Here is a picture of Ned Kelly - leader of the notorious Kelly Gang



Theatre itself is an anarchic, outlaw, dirty faced and, in its truest sense, vulgar art-form.  It belongs to no one artist because it is not the work of one person. 

Theatre is the coming together of a disreputable band of actors, designers, makers of all descriptions, clever technicians, and above all, an audience.  Theatre is unique in its need for this great collaboration and for its essential ephemerality.  For a short while these many people with all their skills come together and then it is over and gone and lost forever.  There may be film or video of the performance or the script may be published but this is only a record not the moment itself.  



And for me it is this sense of collaboration, of this coming together of a family devoted to this one production, almost like a workshop manufacturing a great machine, that fascinates and beguiles me to want to experience this process over and over again even though it can be exhausting, annoying, frustrating and can drive you sick and mad.  And I have experienced pretty well every role within that family.  I have been an actor, director, stage hand, electrician, writer so I know what it’s like to be an unnoticed cog in that particular machine.  And I have learnt something of the psychology and management skill that is required to turn that unruly mob of talented individuals into a coherent working group with a common aim and output of great beauty and emotional force.



At various times, particular individuals or skills are in the ascendancy; audiences may be drawn by the work of a particular actor, director, designer or writer but the thing itself is still an overall collaboration in which every single part contributes to the whole.  

Here is what composer Roderick Skeaping says about the collaborative effort that goes into music making within his group Le Collectif International des Improvisateurs:

Within this performance genre it is considered courteous to show acknowledgement of the ideas of other performers – at the very least to listen to them, not that one is obliged to take an interest.
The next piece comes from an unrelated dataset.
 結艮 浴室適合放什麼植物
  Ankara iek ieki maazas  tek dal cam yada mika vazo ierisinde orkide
If they do interest you, it can lead to better outcomes if you support the idea to magnify its impact and make it more meaningful and powerful. Ownership or authorship is not an issue here – it’s what everyone does with the idea that generates an exciting occurrence or not. If you are trying to inject an idea of your own into a texture that doesn’t already contain it, don’t be surprised or upset to have it rejected. A few strong, supported ideas will be more effective than lots of separate ones all competing for first place! If you really know your idea is great, still be prepared to abandon it for the greater good if it doesn’t take. In improvisation, a useful approach to new ideas is: Don’t block them, - rather say an inner ‘Yes’ to them. If you can add something of your own to enrich them, then this approach becomes ‘Yes...And’. If everyone is supporting everyone else, you too will be very well supported and your performance will yield a rich platter of food for thought and conversation – all part of the social process that interests us ...."

And the most shocking idea of all, In the world of ideas, using the rules and rituals of performance Le Collectif's Live Creation means that we are able to create in just such an analogous way to the uncertainty principle which allows A quantum fluctuation that gives the temporary appearance of energetic particles out of empty space. 
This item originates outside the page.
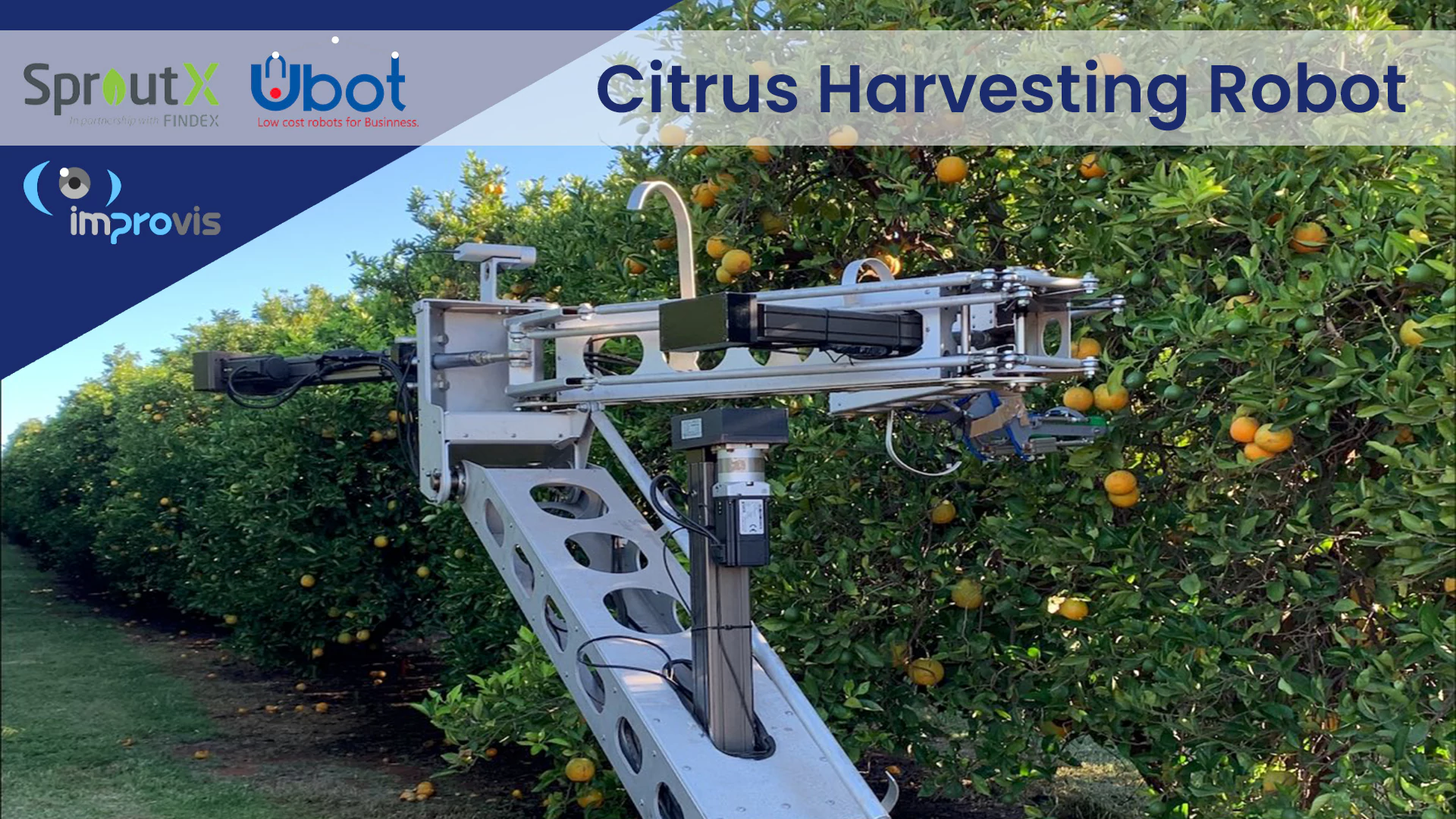 Ubot: Citrus Harvesting Robot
At a conference recently I was interested to hear how one writer approaches this collaborative effort.  Chris is clearly someone of great skill and imagination. He wrote a very successful serial for the television and has just written the first new work for a regional playhouse for ten years.  He has a long background in theatre so he is worth listening to. For him the collaborative process involved actually writing during the rehearsals themselves.  A couple of scenes would be run through with the actors, discussions would ensue and then he would go home and rewrite accordingly.  The next day these two scenes would be rehearsed and the next two scenes examined and subsequently rewritten.  This is a total collaboration in which the actors and the director have a direct input on the writing process.
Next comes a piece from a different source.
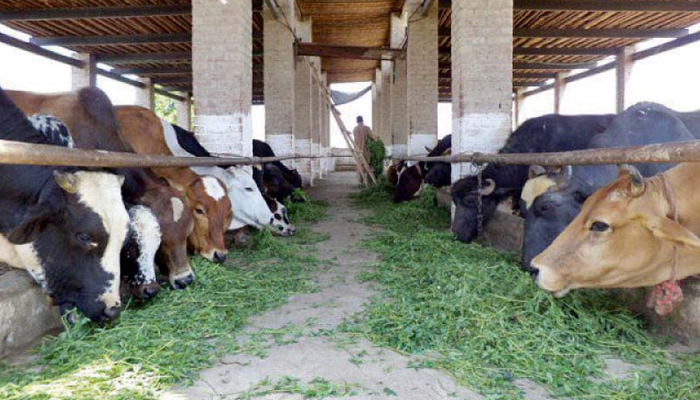 مویشیوں میں کھرکی بیماری کی روک تھام کیلئے مہم شروع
For me the process is different.  I love the cut and thrust of the rehearsal room and the lurching towards an understanding of the meaning or working of the play. I respect the skills of the actors and director but I expect them to respect my work accordingly.  I claim the right to maintain the artistic integrity of the piece, I have spent at least six months creating these characters and their interactions, and I have mapped out the emotional journey that I want the audience to take. I have chosen exactly the order and structure of the story and the interactions that will demonstrate.  For me, the crucial debate is between the playwright and his or her audience. I believe it is important to understand fully one’s role in a collaboration. I believe theatre works best when within a collaboration respect is accorded equally. Cuts and edits and even reordering may take place as the actors explore the piece and reach an interpretation of it but, for me, there is no rewriting. The playwright should lead and guide and should be prepared to take that role.  It is the writer who has made the map, after all.

The audience and the actors and other members of the playmaking team play a game together.  They collaborate on suspension of disbelief, imagination and use of conventions to produce a social interaction that is understandable and satisfying to all in the room.